The particular polarization of character
states of the outgroups used here supports in large part Miller's (1979) list
of commonly accepted polarizations or “principles for moss systematics” (Miller
warned of occasional reversals in these generalizations in particular
families). These polarizations were presumably derived from non-rigorous
evaluations but akin to the outgroup criterion. Some of the 26 polarizations
listed by Miller are relevant to the present study of the Pottiaceae. Presumed primitive
traits are summarized as follows: large size, well-developed stem central
strand, distinct stem sclerodermis (vs. an undifferentiated cortex), strong
costa, epapillose laminal cells; while advanced traits include excurrent
costa, very thin- or very thick-walled laminal cells, presence of propagula
(“specialized diaspores”), axillary hairs with brownish basal cells (vs. all
hyaline hairs), monoicy, sporophyte with short seta and immersed capsule,
stomata absent, cleistocarpy, and peristome reduced or absent. These intuitive
ideas, when compared (1) with the polarizations indicated in the list of
characters below and (2) with the character states of the various outgroups
contributing to the classification used in this study (Polytrichum,
Ptychomitrium, Timmia and Timmiella in the Data Set) are largely
acceptable at least as they apply to the present study.

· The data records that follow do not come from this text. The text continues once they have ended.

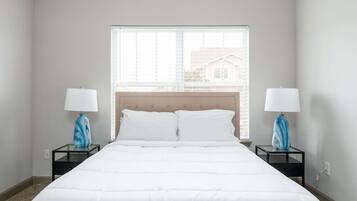 1 soverom, skrivebord, strykejern/-brett og wi-fi (inkludert)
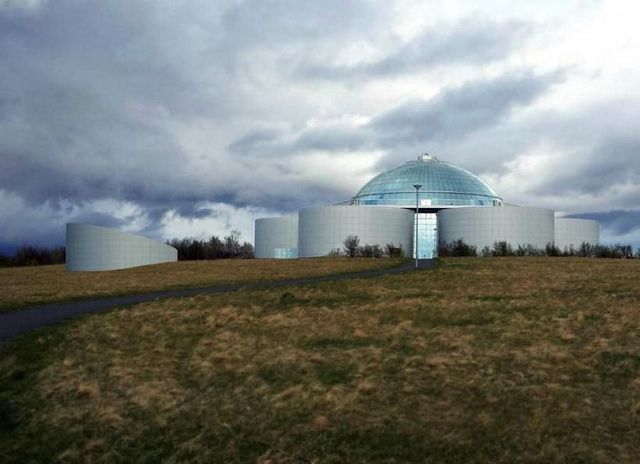 Reykjavik's Pearl monument installs a planetarium buff.ly/2uMXVz7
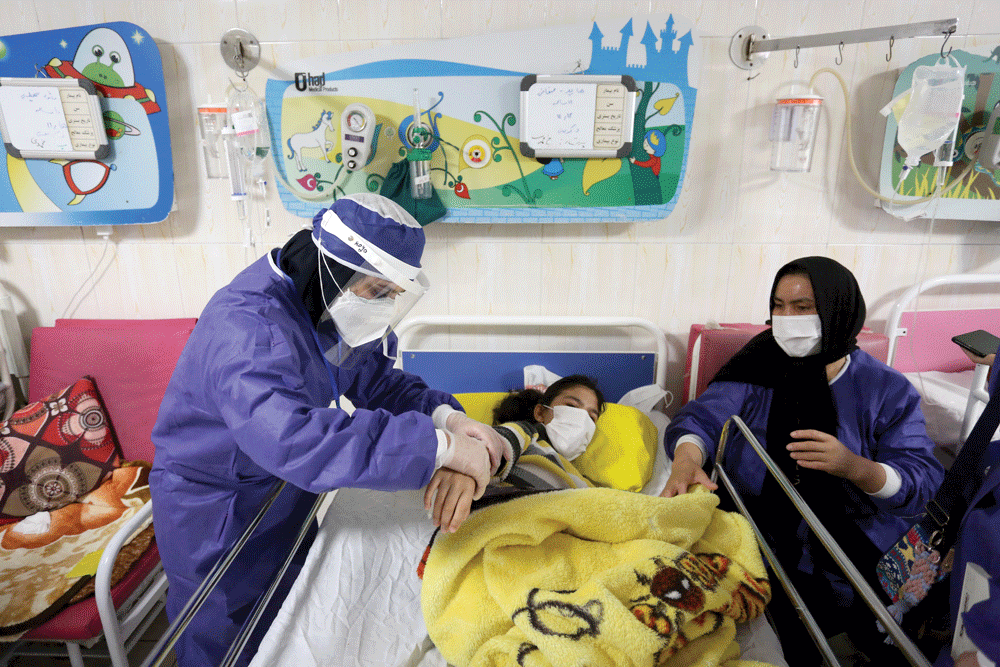 بچه بـیمارمان را کجا ببریم؟ | با حقوق کارگری از عهده هزینههای میلیونی درمان برنمیایم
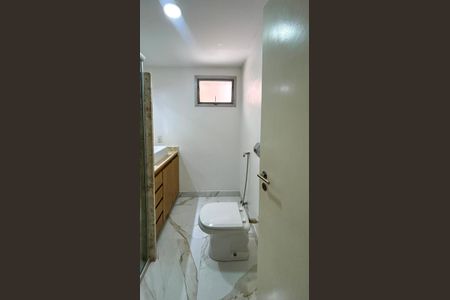 Apartamento para alugar com 106m², 3 quartos e 2 vagas Apartamento para alugar com 106m², 3 quartos e 2 vagasBanheiro da Suíte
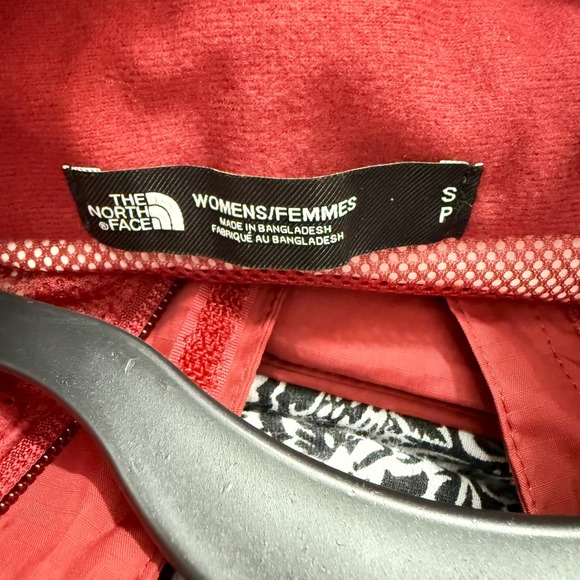 The North Face Resolve 2 Jacket Womens Small Pomegranate Red Rain NF0A2VCUR61-S - Picture 2 of 7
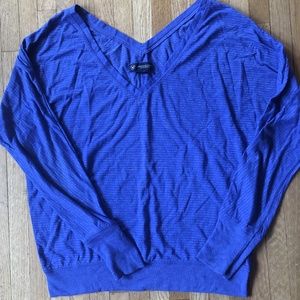 American Eagle Long-Sleeve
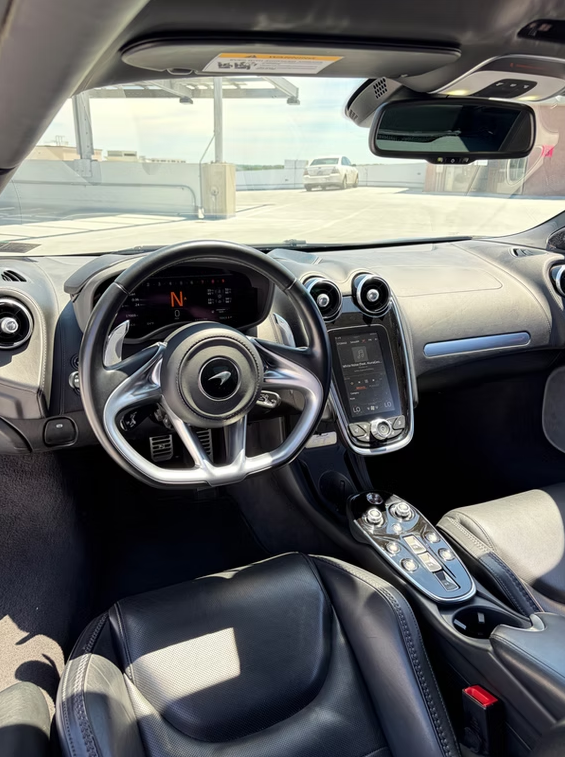 McLaren GT photo 6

Advanced traits may be convergent across
family lines. For instance, Frahm (1991b) found the following traits to be
apomorphic in the Campylopodioideae of the Dicranaceae, many of which are
likewise apomorphic in the Pottiaceae: “presence of alar cells, leaf-borne
rhizoids, incrassate laminal cells, hyaline leaf tips and strongly
differentiated perichaetial leaves, hyalocysts in transverse section of costa¼in the gametophyte and presence of an
annulus, fringed calyptra, filiform peristome teeth, long lid, stomata and
large spore size¼” in the sporophyte. Vitt (1984) described an hypothetical ancestor to
the Bryales as intolerant of desiccation; perennial; acrocarpous; essentially
branchless; stems with hydroids and leptoids; leaves entire, strongly costate,
spiralled, little spreading, unistratose; laminal cells thin-walled,
rectangular, mostly homogeneous, alar cells not different; laminal papillae
absent; dioicous; perigonial paraphyses numerous, thin-walled, apical cell
enlarged; seta elongate, with hydroids and leptoids; capsule cutinized, with
superficial stomates, photosynthetic, annulus and operculum present, exostome
inwardly thickened, endostome segments oppositely placed and partly fused to a
membrane, cilia absent; spores numerous and homogeneous in size; calyptra
mitrate, hairless and epapillose. Eddy (1991) postulated as an “archetype” for
the Pottiaceae “an erect, tufted or gregarious moss, 0.5–2 cm tall, with
lanceolate, rather opaque leaves that lack either a border, teeth or
specialized basal cells”; the present study has managed to clothe this simple
pro-pottiaceous structure with many additional plesiomorphic character states.